**GIVEN DATA:**
▬▬▬

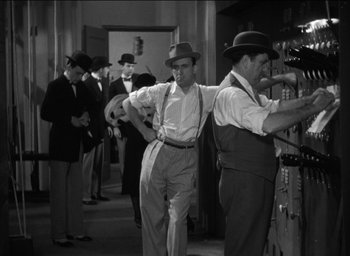 Movie still from “42nd Street” (1933), directed by Lloyd Bacon – A black and white photo of a group of men in hats; Medium shot, Low angle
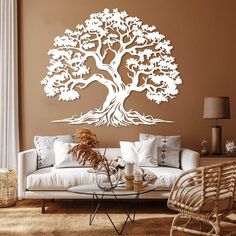 a living room filled with furniture and a large tree wall decal on the wall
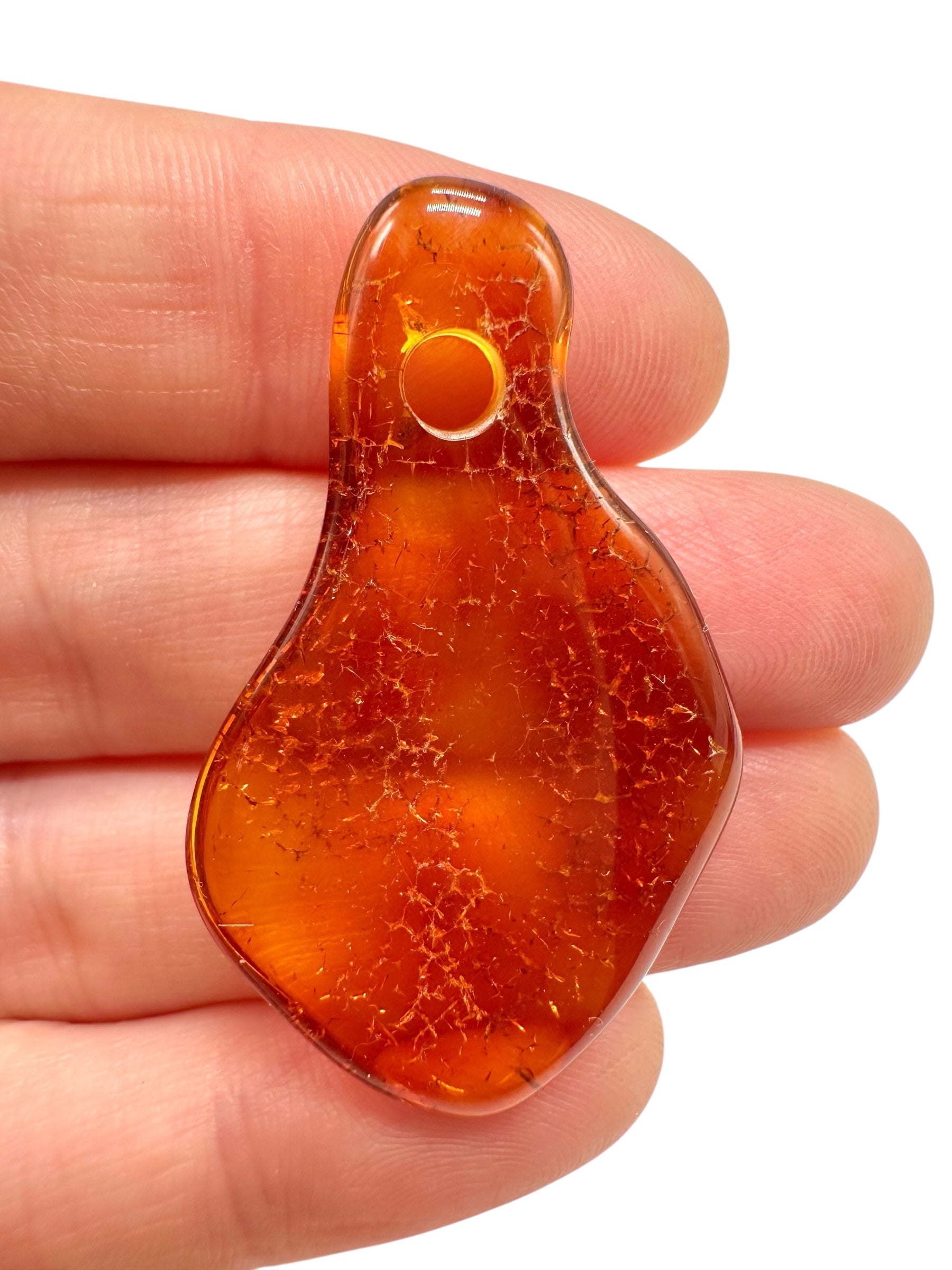 Amber with a drilled hole for hanging 2,6g – Lithuania - JND124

▬▬▬

**WORK INSTRUCTION:**
Excluding pictures, reproduce the listing above exactly as it stands.

**TASK RESULT:**
 Movie still from “42nd Street” (1933), directed by Lloyd Bacon – A black and white photo of a group of men in hats; Medium shot, Low angle
 a living room filled with furniture and a large tree wall decal on the wall
 Amber with a drilled hole for hanging 2,6g – Lithuania - JND124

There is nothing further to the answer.